• **What the task requires**:
Would you please copy every line from the records that contains the word "white"?

• **Supplied material**:
▼

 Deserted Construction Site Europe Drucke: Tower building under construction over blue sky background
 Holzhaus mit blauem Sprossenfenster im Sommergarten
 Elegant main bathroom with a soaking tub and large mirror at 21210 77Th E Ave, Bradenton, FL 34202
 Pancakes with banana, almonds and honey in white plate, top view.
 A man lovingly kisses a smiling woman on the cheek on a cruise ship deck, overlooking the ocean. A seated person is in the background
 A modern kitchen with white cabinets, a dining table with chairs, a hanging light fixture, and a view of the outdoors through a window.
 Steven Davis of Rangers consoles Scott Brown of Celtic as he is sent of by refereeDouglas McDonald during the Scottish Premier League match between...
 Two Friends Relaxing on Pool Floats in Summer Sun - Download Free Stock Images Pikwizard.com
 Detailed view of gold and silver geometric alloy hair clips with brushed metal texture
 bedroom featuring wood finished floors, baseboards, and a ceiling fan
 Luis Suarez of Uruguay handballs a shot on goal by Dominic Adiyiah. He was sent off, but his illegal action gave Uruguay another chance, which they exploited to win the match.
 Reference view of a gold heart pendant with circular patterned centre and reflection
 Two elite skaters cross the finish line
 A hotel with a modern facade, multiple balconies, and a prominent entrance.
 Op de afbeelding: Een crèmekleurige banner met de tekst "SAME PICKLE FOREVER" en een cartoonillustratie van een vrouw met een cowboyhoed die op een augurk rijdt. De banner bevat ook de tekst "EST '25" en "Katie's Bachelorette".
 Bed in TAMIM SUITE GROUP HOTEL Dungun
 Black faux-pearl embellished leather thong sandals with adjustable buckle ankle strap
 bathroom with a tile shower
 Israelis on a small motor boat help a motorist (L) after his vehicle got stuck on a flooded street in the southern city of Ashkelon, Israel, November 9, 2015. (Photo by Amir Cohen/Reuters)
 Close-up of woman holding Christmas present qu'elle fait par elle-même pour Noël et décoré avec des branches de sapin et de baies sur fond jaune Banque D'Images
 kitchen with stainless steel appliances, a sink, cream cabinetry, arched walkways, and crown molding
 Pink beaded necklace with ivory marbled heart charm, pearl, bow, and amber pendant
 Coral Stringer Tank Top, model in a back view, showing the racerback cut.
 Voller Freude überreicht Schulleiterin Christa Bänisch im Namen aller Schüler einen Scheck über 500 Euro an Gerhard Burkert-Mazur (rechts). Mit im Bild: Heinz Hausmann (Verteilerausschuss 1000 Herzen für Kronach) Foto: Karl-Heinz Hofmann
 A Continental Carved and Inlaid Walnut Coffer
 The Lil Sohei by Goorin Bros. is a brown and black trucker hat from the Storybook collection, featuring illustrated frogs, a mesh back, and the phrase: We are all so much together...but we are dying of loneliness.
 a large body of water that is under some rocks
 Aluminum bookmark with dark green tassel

▲

• **The answer**:
 Pancakes with banana, almonds and honey in white plate, top view.
 A modern kitchen with white cabinets, a dining table with chairs, a hanging light fixture, and a view of the outdoors through a window.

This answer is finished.